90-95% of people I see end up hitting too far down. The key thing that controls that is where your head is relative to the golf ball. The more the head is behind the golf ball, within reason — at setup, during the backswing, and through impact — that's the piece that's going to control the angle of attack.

+ + +

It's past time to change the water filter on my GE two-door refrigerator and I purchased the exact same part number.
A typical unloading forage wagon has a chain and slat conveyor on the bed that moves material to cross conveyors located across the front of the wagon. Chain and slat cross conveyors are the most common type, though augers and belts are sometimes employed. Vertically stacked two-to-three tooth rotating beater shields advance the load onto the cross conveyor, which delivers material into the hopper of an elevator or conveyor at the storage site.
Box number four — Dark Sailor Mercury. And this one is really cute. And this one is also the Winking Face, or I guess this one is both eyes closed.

+ + +

From the records above, transcribe without alteration every line from the one with "It's past time" to the one with "Box number four", inclusive.

It's past time to change the water filter on my GE two-door refrigerator and I purchased the exact same part number.
A typical unloading forage wagon has a chain and slat conveyor on the bed that moves material to cross conveyors located across the front of the wagon. Chain and slat cross conveyors are the most common type, though augers and belts are sometimes employed. Vertically stacked two-to-three tooth rotating beater shields advance the load onto the cross conveyor, which delivers material into the hopper of an elevator or conveyor at the storage site.
Box number four — Dark Sailor Mercury. And this one is really cute. And this one is also the Winking Face, or I guess this one is both eyes closed.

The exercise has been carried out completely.